2004-09-22
Looking Through The Future's Lens

hearing: It's Wasting Me Away - The Electric Soft Parade
reading: In The Days of the Comet by H.G. Wells
feeling: pathetic

Good old American Government Research Project. WHEW. I finally actually used the correct terminology! Calling it A PAPER is easier though. And far more ominuous. Its a paper. So spooky.

I've been pretending to work my tail off on it and actually got a decent amount done. Which takes a weight off my shoulders. I find myself hanging and hoping and waiting for October first to roll around, when I can turn the paper in and be done with it.

But only to have another project to work on. And then, there will be another after that. I won't be done until December.

So what, do I spend the next three months waiting, languishing, wishing and hoping for December sixth when my american government class finishes?

How is that living? So many people, too many people spend their lives dreading what they do, dreading projects they must do. Waiting for the finish line. Hopping from due date to due date. Dragging through their lives, wishing every tiresome thing was over, but once it finishes, only to have another awaiting.

Again, how is this living? You have one life and you spend it like that? Waiting for nothing? Waiting for things and relief that will never come?

You can't live like that. Its not living anyway. Only a very poor fashion of it. Every moment must be seized. Even during something dreaded...there must be... something worthwhile drudged up from it. You can't just waste your life...

Well no, I guess you can. You are certainly welcome to. Waste everything. Go ahead. Complain about the rut you put yourself in. Whatever.

But I won't. I perceive something better to be gleaned. I perceive a life to be lived. I don't want to waste it. I know I have been. But I'd like to stop that. As much as possible.

I can't hop from paper due date to paper due date. Dragging my feet and whining and wishing distasteful circumstances would hurry up and move on. I've got to jolt up and seize them by the throat and make them follow me.
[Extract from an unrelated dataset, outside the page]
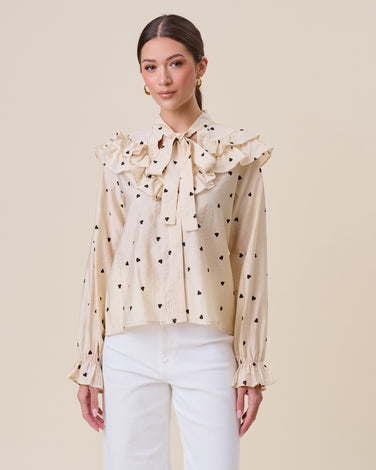 Polka dot ruffled blouse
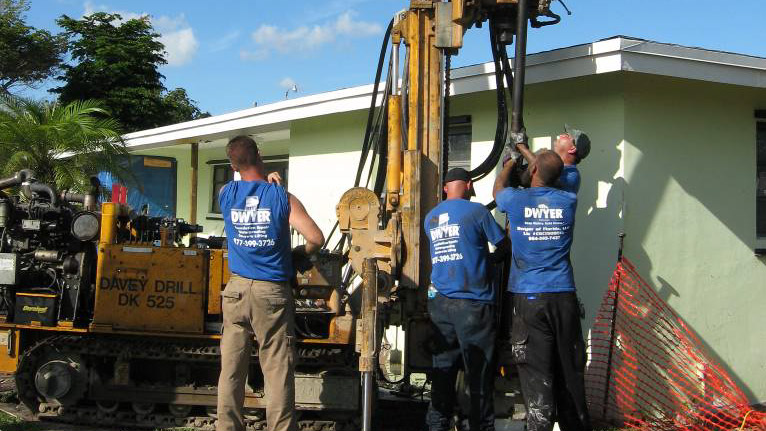 Four workers working on a drill outside of a residential Home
I'll press my mouth to dead situations and breathe life into them... We've all got to...

Don't I sound enthusiastic and motivating?!?!?!?!

Gah.

I really wish I was that much of a go getter. I'll try, but I'm such a lazy bum.

That paper needs working on now. This is the first paper I've written in four years and I'm positive it must sound very high school freshman. I am going to screw this up majorly. ARGH. I'm going to have to find a second opinion. Anybody feel like proof reading for me? HAHA. Geez. Embarrassing fo shizzle.

Lord save us I'm lapsing into ghetto speak. I need to sleep. Now. Before I start tacking "yo" on the end of every other sentence or spurting "ain't" or something horribly grotesque like that. And I really should stop writing at two in the morning. When nothing comes out right.